Data records
****

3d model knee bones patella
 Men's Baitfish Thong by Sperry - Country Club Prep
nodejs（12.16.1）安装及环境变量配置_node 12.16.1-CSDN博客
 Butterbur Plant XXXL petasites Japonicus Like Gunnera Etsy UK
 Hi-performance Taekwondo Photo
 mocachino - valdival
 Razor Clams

****

Work item:
The required output is every line of the entries, starting at the one that contains "Butterbur Plant XXXL" and ending at the last, copied exactly.

Response:
 Butterbur Plant XXXL petasites Japonicus Like Gunnera Etsy UK
 Hi-performance Taekwondo Photo
 mocachino - valdival
 Razor Clams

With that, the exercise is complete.